May 5, 2018 at 8:31 am

Thank you for the post.
How do I create overlapping blocks?

Reply
1. choosehappy says:
  
  May 5, 2018 at 8:37 am
  
  never really looked into that, seems like it would be more difficult to merge back together? this is an interesting post which may help: https://imagemagick.org/discourse-server/viewtopic.php?t=22942
  ultimately, any approach is going to be 2 nestled for loops, so that may be the way to go directly for customized output
  
  Reply
Suvidha Tripathi says:

May 22, 2018 at 6:57 am

Hi, Can you tell me what and where do I have to make changes if I read my file through openslide. I am trying but, I cannot change the code appropriately.

Reply
1. choosehappy says:
  
  May 23, 2018 at 8:58 am
  
  sorry, i don’t use this code anymore. the imagemagik convert approach discussed above is my preferred method. have you tried it? if you really want to use matlab + openslide, i’d suggest just using 2 for loops and avoiding the PagedTiffAdapter approach
  
  Reply
David says:

August 7, 2018 at 9:53 am

Can you go into further detail on how you used the imagemagick convert approach? Where do we execute this command? What are the inputs/parameters?

Reply
1. choosehappy says:
  
  August 8, 2018 at 6:32 am
  
  not sure what you want to know? i typed the command into a linux terminal and voila 🙂 you can find the documentation here https://www.imagemagick.org/script/command-line-options.php#crop
  
  Reply
  1. Ayman says:
    
    August 16, 2018 at 11:32 am
    
    I see! It seems to be working now. However, for large .svs files, the cropping function takes quiet a long time. Do you know if there is any way to accelerate this process by using the computer’s GPU?
    
    Reply
    1. choosehappy says:
      
      August 17, 2018 at 8:27 am
      
      if you look at the system resources while the conversion is taking place, i think you’ll find that the bottleneck is getting the file off of the hard drive and writing the tiles. there is essentially no “computation” which takes place, just loading and saving, so if anything i imagine adding a GPU to the mix will make things slower instead of faster.
      
      Reply
Muhammad Rakeh Saleem says:

November 27, 2019 at 2:30 pm

I have tried to used this method to split images with 4K resolution and after processing merge them together. However, when I run the split images to merge them, the output .tif file doesn’t show me anything instead it prompts that the format is not supported. I tried to change the RGB Scale value and compression rate too but nothing work in merging the images although the split part is working fine.
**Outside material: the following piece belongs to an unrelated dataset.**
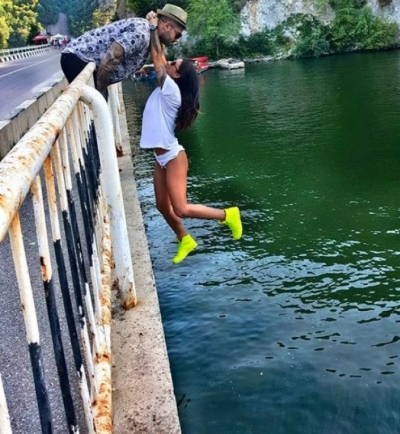Roxana Vancea şi-a riscat viaţa pe un pod din România. La un pas de înec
Anyone with heads up kindly help. Thanks

Reply
1. choosehappy says:
  
  November 27, 2019 at 5:50 pm
  
  have you tried the imagemagik convert version discussed in the comments?
  
  Reply
JaiXXD says:

December 11, 2019 at 2:46 am

please help me . How can input those commands on aperio. I don` have that much experience in writing scripts but could at least help me on how to input those commnads on aperio. your reply will be greatly delighted.

Reply
1. JaiXXD says:
  
  December 11, 2019 at 2:49 am
  
  I have .svs file by the way.
  
  Reply
2. choosehappy says:
  
  December 11, 2019 at 4:45 pm
  
  i think you’ll need to find someone with some experience to help walk you through this. none of these works are designed to be used through the imageviewer, but instead through programming environments
  
  Reply
Tim says:

August 12, 2020 at 2:43 pm

is there an easy program to reduce file size in svs? mine are coming out as 2-3GB at least per slide

Reply
1. choosehappy says:
  
  August 13, 2020 at 8:14 am
  
  sorry not sure i understand your questions, svs files tend to be about 2GB simply because they contain very large images of e.g., 100k x 100k pixels. if you’re interested in reducing the size you could reprocess them with heavy compression, but you’ll start to see artifacts and drops in overall algorithmic performance as a result. we wrote a paper about that here: https://pubmed.ncbi.nlm.nih.gov/32155093/
  
  Reply